I’ve been thinking about this a lot recently. I don’t remember exactly when I started wearing women’s clothing, I think it was sometime around fifth grade. It was always this weird mix of feelings for me. I usually felt out of place in the clothes. Not because the _clothes_ were wrong, but because my _body_ was wrong. It wasn’t that they didn’t fit my body the way I thought they should, it was that my body didn’t fit into them the way I_ knew _it should. As a child, and even a teenager, articulating these feelings in a way that made sense to me was rather difficult. Transgender wasn’t a term I knew and I didn’t yet understand that I _was,_ in fact, a girl. I thought I just _wanted_ to be one. All I knew was that I was always jealous of girls and the clothes they got to wear. Dresses, skirts, high heels, stockings, tight pants. You name it and I was jealous they got to wear it and I didn’t.
I could never actually look in a mirror while wearing women’s clothing, unless I wanted to feel like a freak was staring back at me, but I knew the clothes were right and they felt more natural to me. In my head, I wasn’t a boy wearing girls’ clothing, I was just wearing the correct clothes for me and my gender and the only thing that was wrong was my stupid body.
It was more like cross-bodying, than cross-dressing, but I couldn’t opt out of it.

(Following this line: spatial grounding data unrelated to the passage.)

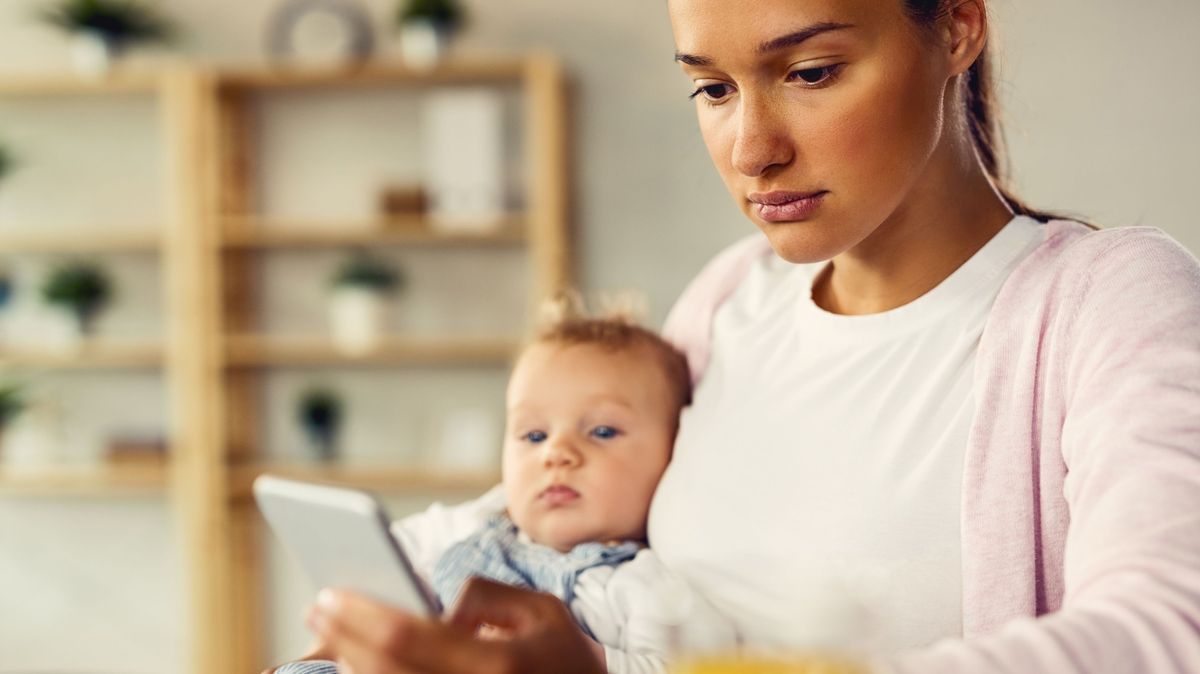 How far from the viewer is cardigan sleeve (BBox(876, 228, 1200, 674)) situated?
741 mm

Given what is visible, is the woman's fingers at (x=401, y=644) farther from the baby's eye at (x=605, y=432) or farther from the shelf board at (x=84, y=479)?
the shelf board at (x=84, y=479)

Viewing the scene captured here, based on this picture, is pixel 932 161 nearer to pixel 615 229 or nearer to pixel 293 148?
pixel 615 229

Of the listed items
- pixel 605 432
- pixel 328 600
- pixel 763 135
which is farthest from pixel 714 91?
pixel 328 600

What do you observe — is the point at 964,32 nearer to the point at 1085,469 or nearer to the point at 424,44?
the point at 1085,469

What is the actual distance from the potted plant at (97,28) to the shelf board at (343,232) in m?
0.72

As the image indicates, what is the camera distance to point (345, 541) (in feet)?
2.91

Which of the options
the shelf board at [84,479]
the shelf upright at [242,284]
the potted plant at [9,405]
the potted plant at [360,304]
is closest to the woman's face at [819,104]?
the shelf upright at [242,284]

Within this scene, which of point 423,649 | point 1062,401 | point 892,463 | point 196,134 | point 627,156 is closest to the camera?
point 423,649

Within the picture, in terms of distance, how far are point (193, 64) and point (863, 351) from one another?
145 inches

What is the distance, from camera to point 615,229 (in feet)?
13.9

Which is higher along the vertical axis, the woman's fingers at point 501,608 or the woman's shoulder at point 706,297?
the woman's shoulder at point 706,297

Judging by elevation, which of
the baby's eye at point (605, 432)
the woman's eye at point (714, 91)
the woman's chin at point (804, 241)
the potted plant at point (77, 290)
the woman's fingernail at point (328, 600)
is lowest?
the baby's eye at point (605, 432)

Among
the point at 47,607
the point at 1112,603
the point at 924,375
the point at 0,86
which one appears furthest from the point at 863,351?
the point at 47,607

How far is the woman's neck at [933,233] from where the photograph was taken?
47.7 inches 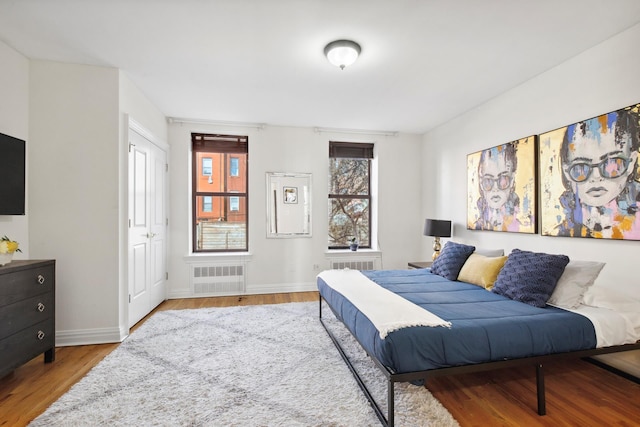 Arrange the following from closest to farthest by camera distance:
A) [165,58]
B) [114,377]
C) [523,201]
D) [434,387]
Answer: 1. [434,387]
2. [114,377]
3. [165,58]
4. [523,201]

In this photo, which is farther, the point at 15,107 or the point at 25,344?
the point at 15,107

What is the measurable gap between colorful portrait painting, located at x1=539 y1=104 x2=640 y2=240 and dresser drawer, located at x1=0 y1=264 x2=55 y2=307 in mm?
4401

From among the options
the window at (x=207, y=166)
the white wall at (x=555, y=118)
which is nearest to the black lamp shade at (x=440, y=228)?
the white wall at (x=555, y=118)

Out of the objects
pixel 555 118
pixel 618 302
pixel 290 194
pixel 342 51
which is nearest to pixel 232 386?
pixel 342 51

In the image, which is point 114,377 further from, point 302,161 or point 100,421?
point 302,161

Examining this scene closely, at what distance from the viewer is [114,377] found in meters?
2.25

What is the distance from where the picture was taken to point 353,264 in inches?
196

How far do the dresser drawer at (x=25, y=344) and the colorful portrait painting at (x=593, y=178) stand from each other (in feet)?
14.5

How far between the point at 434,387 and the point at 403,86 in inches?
113

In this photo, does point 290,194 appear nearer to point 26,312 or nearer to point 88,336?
point 88,336

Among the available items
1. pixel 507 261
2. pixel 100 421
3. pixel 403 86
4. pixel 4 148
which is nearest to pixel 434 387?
pixel 507 261

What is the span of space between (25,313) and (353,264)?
3877mm

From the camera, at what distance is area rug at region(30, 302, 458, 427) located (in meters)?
1.79

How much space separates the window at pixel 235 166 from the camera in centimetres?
485
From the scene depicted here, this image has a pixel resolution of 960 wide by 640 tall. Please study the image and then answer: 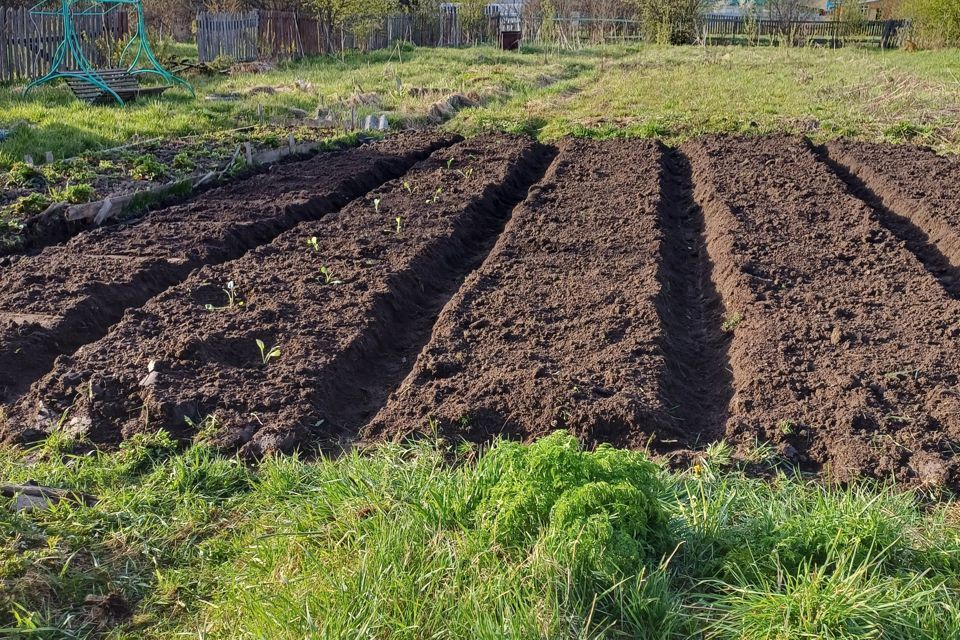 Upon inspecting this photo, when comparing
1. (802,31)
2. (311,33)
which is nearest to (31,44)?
(311,33)

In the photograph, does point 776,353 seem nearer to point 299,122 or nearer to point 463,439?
point 463,439

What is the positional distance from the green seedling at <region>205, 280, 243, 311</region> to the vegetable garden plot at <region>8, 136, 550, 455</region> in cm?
2

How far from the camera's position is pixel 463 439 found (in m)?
4.57

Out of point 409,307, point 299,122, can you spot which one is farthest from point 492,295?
point 299,122

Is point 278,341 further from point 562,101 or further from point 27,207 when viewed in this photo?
point 562,101

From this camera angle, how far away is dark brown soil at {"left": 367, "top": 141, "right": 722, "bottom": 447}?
470 cm

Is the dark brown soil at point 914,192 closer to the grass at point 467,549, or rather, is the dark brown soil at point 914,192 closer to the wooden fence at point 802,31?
the grass at point 467,549

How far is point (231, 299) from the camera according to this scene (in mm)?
5922

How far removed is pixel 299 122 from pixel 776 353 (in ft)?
36.3

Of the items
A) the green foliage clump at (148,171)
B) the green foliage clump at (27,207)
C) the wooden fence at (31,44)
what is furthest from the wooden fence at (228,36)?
the green foliage clump at (27,207)

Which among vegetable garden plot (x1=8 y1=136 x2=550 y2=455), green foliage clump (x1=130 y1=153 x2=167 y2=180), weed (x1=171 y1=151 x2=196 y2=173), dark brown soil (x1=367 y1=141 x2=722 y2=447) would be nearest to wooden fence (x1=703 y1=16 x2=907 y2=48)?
weed (x1=171 y1=151 x2=196 y2=173)

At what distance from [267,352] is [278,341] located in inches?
5.6

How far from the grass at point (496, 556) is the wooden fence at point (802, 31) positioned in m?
35.5

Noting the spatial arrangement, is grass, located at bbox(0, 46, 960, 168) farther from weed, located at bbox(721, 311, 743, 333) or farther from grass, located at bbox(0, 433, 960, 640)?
grass, located at bbox(0, 433, 960, 640) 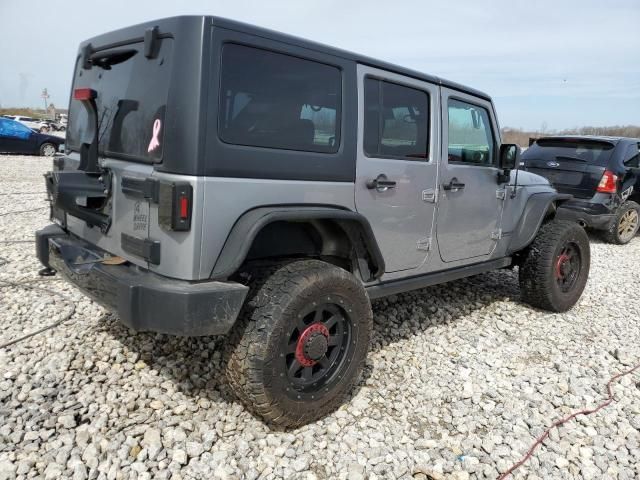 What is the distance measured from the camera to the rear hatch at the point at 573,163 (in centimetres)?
755

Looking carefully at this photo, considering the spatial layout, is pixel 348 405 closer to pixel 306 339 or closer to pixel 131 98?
pixel 306 339

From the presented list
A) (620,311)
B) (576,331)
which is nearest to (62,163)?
(576,331)

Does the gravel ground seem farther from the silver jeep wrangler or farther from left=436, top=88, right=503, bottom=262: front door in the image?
left=436, top=88, right=503, bottom=262: front door

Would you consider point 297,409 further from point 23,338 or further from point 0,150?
point 0,150

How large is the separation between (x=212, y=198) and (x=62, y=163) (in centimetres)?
158

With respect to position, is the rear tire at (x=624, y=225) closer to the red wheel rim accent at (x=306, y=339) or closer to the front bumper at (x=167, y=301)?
the red wheel rim accent at (x=306, y=339)

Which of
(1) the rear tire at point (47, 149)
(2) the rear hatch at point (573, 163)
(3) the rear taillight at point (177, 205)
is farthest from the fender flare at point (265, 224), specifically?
(1) the rear tire at point (47, 149)

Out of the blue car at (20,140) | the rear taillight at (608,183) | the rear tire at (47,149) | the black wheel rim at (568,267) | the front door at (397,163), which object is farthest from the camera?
the rear tire at (47,149)

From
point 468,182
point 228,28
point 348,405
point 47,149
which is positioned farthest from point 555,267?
point 47,149

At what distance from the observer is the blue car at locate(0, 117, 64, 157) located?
52.8 feet

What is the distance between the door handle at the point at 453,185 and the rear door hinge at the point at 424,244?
39 cm

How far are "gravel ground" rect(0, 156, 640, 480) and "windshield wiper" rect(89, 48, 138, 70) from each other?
1.79 m

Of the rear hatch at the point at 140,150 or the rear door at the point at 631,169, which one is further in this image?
the rear door at the point at 631,169

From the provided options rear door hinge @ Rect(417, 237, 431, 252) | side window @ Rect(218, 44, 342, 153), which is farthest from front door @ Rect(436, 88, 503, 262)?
side window @ Rect(218, 44, 342, 153) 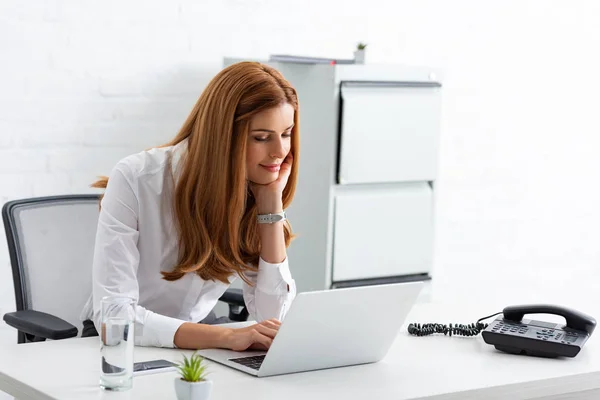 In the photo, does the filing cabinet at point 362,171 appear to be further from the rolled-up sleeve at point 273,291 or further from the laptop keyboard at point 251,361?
the laptop keyboard at point 251,361

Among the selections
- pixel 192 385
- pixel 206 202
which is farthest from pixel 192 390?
pixel 206 202

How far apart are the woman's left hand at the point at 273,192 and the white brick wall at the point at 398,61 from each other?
1.26 m

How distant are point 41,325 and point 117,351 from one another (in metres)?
0.63

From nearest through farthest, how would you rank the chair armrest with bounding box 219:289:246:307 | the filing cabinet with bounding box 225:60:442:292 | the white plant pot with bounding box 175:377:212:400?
the white plant pot with bounding box 175:377:212:400, the chair armrest with bounding box 219:289:246:307, the filing cabinet with bounding box 225:60:442:292

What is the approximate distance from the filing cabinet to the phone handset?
1.35 m

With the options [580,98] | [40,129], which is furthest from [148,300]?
[580,98]

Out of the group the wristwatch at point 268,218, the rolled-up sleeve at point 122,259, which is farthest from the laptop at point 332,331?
the wristwatch at point 268,218

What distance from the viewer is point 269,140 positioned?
2.08 m

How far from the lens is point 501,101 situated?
4504mm

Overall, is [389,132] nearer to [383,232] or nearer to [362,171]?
[362,171]

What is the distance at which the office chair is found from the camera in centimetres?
236

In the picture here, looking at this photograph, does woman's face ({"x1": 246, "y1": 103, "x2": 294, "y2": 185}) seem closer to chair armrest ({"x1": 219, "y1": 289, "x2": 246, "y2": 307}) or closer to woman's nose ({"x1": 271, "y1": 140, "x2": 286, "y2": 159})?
woman's nose ({"x1": 271, "y1": 140, "x2": 286, "y2": 159})

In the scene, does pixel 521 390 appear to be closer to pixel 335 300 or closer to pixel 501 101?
pixel 335 300

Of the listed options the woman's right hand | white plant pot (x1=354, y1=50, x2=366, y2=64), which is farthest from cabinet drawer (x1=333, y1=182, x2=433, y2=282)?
the woman's right hand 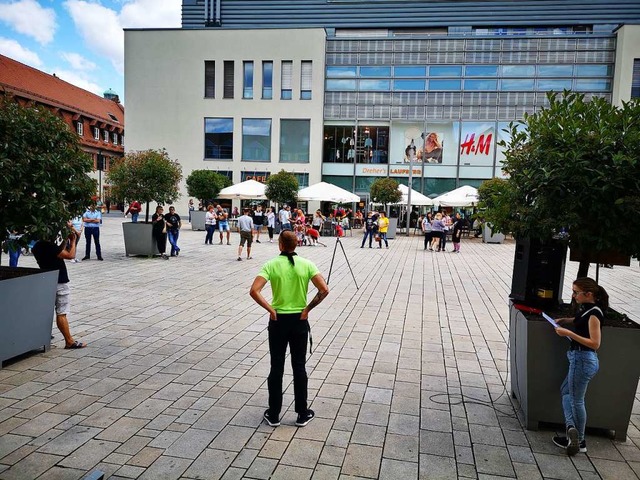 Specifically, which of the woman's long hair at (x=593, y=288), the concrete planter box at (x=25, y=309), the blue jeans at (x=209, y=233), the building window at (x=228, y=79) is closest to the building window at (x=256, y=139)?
the building window at (x=228, y=79)

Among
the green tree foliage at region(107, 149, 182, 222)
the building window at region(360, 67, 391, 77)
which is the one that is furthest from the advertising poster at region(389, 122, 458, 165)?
the green tree foliage at region(107, 149, 182, 222)

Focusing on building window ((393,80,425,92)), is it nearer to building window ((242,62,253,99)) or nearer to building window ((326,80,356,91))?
building window ((326,80,356,91))

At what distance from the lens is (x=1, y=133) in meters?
5.41

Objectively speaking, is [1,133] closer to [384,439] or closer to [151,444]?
[151,444]

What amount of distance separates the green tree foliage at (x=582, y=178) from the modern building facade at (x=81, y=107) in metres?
46.3

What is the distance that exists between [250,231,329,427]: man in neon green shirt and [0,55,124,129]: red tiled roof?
47.6 meters

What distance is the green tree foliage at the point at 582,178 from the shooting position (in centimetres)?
382

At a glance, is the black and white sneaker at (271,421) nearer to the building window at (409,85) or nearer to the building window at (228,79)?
the building window at (409,85)

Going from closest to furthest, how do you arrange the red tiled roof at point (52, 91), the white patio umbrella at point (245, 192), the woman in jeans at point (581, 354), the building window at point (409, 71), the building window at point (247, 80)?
the woman in jeans at point (581, 354)
the white patio umbrella at point (245, 192)
the building window at point (409, 71)
the building window at point (247, 80)
the red tiled roof at point (52, 91)

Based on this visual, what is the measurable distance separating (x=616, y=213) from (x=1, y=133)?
6184 millimetres

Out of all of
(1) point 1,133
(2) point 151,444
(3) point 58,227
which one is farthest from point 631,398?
(1) point 1,133

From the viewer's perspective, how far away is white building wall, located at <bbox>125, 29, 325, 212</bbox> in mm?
41688

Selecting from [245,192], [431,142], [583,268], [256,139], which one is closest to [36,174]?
[583,268]

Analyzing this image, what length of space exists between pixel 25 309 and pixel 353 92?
3919 cm
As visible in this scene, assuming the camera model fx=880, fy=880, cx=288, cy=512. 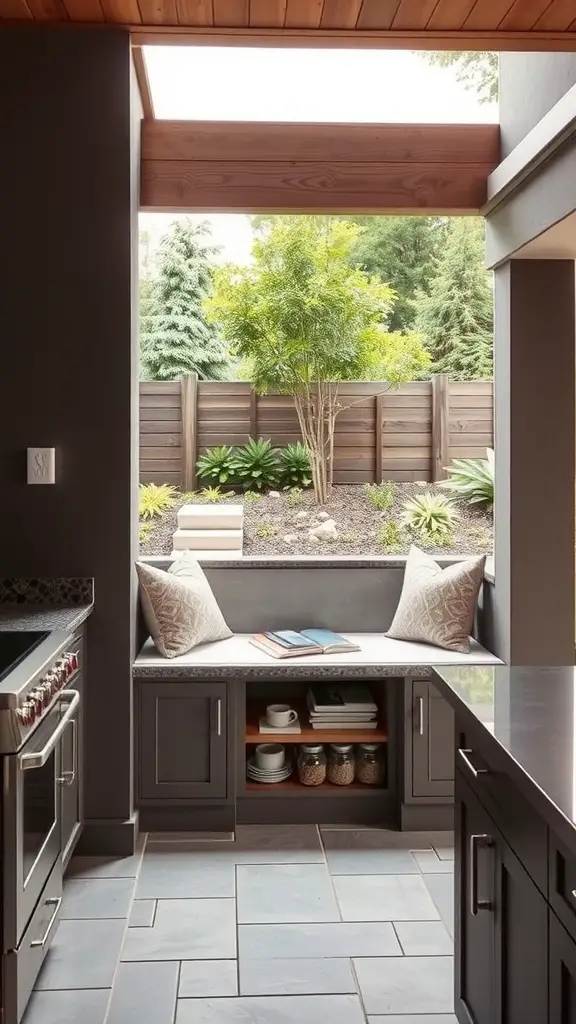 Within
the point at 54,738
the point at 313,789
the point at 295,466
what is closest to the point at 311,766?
the point at 313,789

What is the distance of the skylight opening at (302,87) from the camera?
3.63 m

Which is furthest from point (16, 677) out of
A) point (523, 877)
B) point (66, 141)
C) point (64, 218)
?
point (66, 141)

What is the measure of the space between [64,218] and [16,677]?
190cm

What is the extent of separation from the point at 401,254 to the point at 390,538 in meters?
3.64

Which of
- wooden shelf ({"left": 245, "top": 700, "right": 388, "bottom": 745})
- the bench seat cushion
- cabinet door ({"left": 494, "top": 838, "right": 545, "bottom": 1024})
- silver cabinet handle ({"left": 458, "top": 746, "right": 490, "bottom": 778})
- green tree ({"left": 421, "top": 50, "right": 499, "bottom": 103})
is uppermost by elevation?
green tree ({"left": 421, "top": 50, "right": 499, "bottom": 103})

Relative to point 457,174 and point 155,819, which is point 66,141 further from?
point 155,819

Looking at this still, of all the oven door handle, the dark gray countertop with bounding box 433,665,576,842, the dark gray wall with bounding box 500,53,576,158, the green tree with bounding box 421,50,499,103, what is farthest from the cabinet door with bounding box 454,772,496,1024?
the green tree with bounding box 421,50,499,103

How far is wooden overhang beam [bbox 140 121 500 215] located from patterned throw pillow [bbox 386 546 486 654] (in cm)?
157

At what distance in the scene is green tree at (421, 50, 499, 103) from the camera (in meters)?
3.87

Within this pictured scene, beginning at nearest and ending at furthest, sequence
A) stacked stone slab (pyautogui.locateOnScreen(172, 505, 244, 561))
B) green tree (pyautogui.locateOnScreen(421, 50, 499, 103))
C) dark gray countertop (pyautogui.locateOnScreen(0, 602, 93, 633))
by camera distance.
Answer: dark gray countertop (pyautogui.locateOnScreen(0, 602, 93, 633)) → green tree (pyautogui.locateOnScreen(421, 50, 499, 103)) → stacked stone slab (pyautogui.locateOnScreen(172, 505, 244, 561))

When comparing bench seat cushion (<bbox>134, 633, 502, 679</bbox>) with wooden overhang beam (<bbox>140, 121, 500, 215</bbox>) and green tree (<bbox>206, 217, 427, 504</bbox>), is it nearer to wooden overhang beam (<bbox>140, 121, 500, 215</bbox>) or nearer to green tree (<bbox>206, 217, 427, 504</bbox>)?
green tree (<bbox>206, 217, 427, 504</bbox>)

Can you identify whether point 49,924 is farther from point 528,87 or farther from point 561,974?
point 528,87

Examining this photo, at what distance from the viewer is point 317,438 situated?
208 inches

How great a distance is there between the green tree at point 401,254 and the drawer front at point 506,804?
5761 mm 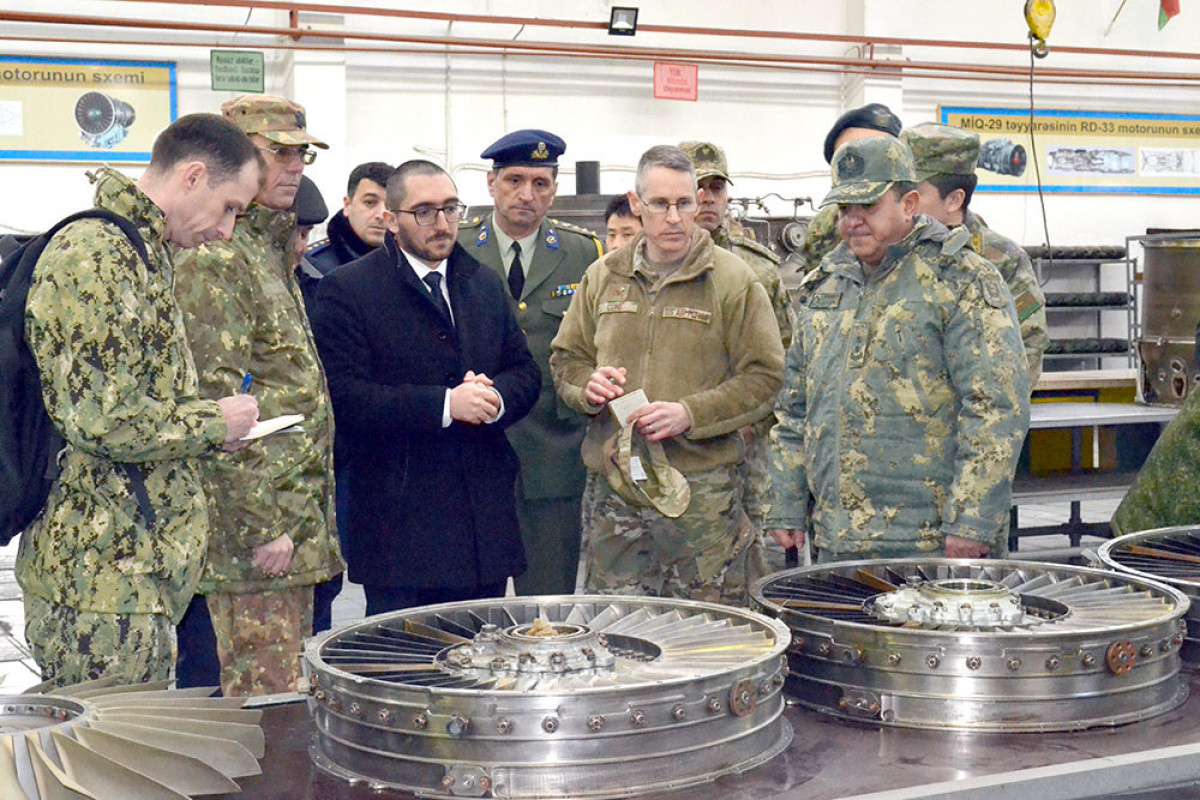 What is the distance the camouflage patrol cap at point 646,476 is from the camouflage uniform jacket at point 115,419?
96 centimetres

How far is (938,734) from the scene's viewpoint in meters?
1.41

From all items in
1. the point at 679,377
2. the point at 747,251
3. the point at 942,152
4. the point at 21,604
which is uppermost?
the point at 942,152

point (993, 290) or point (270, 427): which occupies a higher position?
point (993, 290)

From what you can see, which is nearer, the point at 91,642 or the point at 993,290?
the point at 91,642

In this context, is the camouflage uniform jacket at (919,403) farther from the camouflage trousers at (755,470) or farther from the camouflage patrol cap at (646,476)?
the camouflage trousers at (755,470)

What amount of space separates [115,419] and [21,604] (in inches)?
149

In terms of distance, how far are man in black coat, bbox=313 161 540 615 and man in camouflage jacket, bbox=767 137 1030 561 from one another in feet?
2.47

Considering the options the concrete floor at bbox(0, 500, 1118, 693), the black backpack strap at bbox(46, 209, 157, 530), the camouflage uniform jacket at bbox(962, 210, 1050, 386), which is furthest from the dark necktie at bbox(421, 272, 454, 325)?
Answer: the camouflage uniform jacket at bbox(962, 210, 1050, 386)

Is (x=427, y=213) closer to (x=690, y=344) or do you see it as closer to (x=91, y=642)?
(x=690, y=344)

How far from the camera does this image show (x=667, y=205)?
279cm

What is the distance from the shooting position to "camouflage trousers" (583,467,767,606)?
9.16 feet

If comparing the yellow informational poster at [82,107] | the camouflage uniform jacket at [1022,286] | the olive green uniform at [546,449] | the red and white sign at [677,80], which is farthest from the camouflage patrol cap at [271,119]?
the red and white sign at [677,80]

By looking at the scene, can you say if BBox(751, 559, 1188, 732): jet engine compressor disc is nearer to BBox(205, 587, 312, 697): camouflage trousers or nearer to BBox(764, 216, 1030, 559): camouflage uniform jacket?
BBox(764, 216, 1030, 559): camouflage uniform jacket

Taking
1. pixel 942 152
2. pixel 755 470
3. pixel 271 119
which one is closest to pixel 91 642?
pixel 271 119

I’m not hugely into fashion, I don’t read fashion magazines or blogs and I don’t know a ton about it, but women’s fashion has always been interesting to me to a certain degree. I like clothes, but growing up, my interest in fashion was one of those hidden interests that I didn’t dare open up to anyone for fear of it outing me. I would suppress it as much as I could, but when I would go to the mall or Target, or any place with women’s clothing, I would always be stealthily eyeing it up. These days, I supplement this with online window shopping and, every once in a while, I end up going a little crazy on Pinterest. For as long as I can remember, seeing an attractive girl meant I was checking out her outfit as much as I was checking _her_ out. My wife catches me doing this all the time, I guess if you follow my eyes or notice that I often stare for a few seconds rather than just take quick glance, it’s somewhat obvious. She likes to (playfully) call me out on this all the time with little jabs asking if I “like her shoes” or what I “think of her dress.”
The thing about it is, it was never really about the clothes themselves. Yes, I wanted to own them and wear them, but it wasn’t just about wearing a cute dress and a pair of stilettos that perfectly matched my equally cute purse. What I was longing for and jealous of was the right body for those clothes. When I look at clothes online or in a store, it’s not just a simple wanting to buy them and wear them, it’s wanting the body they’re supposed to go on. I don’t just want to have that cowl neck tunic in my closet, I want the breasts, waist, and hips it’s expected to be over top of. When I check out a girl’s outfit, I’m not just evaluating the clothes themselves, I’m noticing out she looks in them and mentally putting myself into her body. I want to be wearing her yoga pants and looking just as hot as she does. I want her butt and her hips and breasts and everything that makes those clothes look so good on her. I don’t want to be her, but if you take my brain and put it in her body, well, life would be perfect.
Cross-dressing implies that I’m not wearing the right clothes or that the clothes are really what matter. The clothes only matter insofar as they’re what I _should_ be wearing. The reality is that I’m a cross-dresser every time I dress like a man. I don’t just want the clothes, I want the body too.